Sie wollen im Juni in Frankfurt am Main eine Konferenz unter dem Titel »50 Jahre israelische Besatzung in Palästina – Unsere Verantwortung für eine friedliche Lösung des israelisch-palästinensischen Konflikts« ausrichten. Diskutiert wird, ob diese stattfinden darf. Sie als Veranstalter wurden des Antisemitismus bezichtigt, der Träger des Veranstaltungsortes »Ökohaus« kündigte die Räume. Warum? 
Auf die Berichterstattung über die israelkritische Veranstaltung durch Vertreter der israelischen Regierungspolitik folgte ein wahrer »Shitstorm«: Das Frankfurter Ökohaus erhielt Mails aus Kanada, den USA, Südafrika mit Beschimpfungen und Diffamierungen, es würde sich angeblich mit Nazis einlassen, etc. Der Frankfurter Bürgermeister Uwe Becker, CDU, hat sich eingeschaltet. Er behauptete, es handele sich um eine antijüdische, antisemitische Veranstaltung. Er setzte den Träger unter Druck, den Vertrag mit uns zu kündigen. Wir werden anwaltlich dagegen vorgehen. Die aufgeführten Gründe der Sicherheit halten wir weder für legitim noch für stichhaltig, die Veranstaltung abzusagen.
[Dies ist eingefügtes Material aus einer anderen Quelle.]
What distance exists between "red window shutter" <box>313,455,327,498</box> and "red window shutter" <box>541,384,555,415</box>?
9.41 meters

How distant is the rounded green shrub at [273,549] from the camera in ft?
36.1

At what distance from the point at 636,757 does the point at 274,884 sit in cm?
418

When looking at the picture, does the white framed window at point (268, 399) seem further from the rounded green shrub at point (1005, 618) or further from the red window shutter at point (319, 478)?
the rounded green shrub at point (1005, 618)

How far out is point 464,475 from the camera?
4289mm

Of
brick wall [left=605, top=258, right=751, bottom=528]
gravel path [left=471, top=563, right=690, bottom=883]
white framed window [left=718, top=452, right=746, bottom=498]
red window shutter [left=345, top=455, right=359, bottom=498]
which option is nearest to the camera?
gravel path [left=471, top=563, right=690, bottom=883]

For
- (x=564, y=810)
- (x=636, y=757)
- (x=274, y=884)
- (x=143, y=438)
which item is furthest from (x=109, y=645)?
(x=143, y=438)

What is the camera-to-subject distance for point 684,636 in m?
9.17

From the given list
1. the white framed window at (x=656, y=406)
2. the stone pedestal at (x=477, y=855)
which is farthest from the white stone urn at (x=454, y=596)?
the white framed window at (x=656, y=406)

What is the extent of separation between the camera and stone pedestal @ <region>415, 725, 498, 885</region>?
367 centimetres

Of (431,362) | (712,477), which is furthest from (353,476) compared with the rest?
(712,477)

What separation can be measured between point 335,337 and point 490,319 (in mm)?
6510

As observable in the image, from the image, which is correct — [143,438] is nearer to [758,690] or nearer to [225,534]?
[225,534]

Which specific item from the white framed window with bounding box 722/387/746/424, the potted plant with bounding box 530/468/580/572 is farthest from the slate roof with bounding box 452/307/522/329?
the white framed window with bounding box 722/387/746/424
Welche Gründe wurden genannt?
In Mails und anonymen Telefonaten sei mit Gewalt gedroht worden, eine Eskalation habe stattgefunden. Der Frankfurter Bürgermeister hat angekündigt, vor dem Ökohaus mitdemonstrieren zu wollen. Ich bin freilich für Demonstrationsfreiheit. Wir haben ihm aber geantwortet, doch in der Versammlung mit uns über die Situation in Israel und Palästina zu diskutieren. Darauf hat er nicht reagiert. Für eine liberale Stadt wie Frankfurt halten wir dieses Vorgehen für skandalös. Die Drohungen gegen das Ökohaus markieren keine Gefährdung der Sicherheit. Von uns geht keine Gewalt aus. Sollte es Leute geben, die Randale machen wollen, ist unsere Versammlungsfreiheit davor zu schützen. Man will uns einschüchtern.
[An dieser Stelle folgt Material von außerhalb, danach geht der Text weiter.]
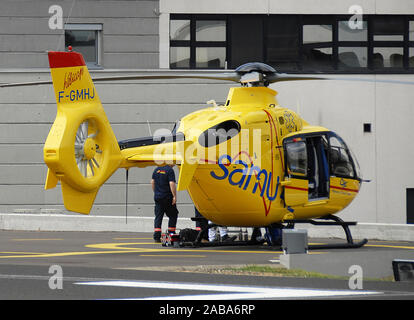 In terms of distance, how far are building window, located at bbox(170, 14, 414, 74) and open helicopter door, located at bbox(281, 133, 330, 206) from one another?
10.8 metres

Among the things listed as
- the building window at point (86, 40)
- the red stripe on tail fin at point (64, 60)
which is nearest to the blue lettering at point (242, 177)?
the red stripe on tail fin at point (64, 60)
Kritik gegenüber der israelischen Regierung gibt es immer wieder – weshalb nun das rigide Vorgehen gegenüber dem Bündnis Kopi, einem Zusammenschluss von 28 Gruppen?
Ich kann es mir nur so erklären: Die israelische Regierung ist internationaler Kritik für ihre Besatzungspolitik ausgesetzt. Unsere Versammlung, bei der drei Vertreter der israelischen Friedensbewegung Vorträge halten werden, findet 50 Jahre nach dem Sechstagekrieg 1967 statt. Seit Israel das Westjordanland, den Gazastreifen, die Golanhöhen und Ostjerusalem völkerrechtswidrig annektierte, befindet sich die palästinensische Bevölkerung in einem perspektivlosen Zustand der Rechtlosigkeit, verschärft durch den Siedlungsbau. Dies provoziert einen schwelenden Kriegszustand – für den internationalen Frieden eine Gefahr. IPPNW, als Teil der Friedensbewegung, fordert eine tragfähige politische Lösung für beide Seiten.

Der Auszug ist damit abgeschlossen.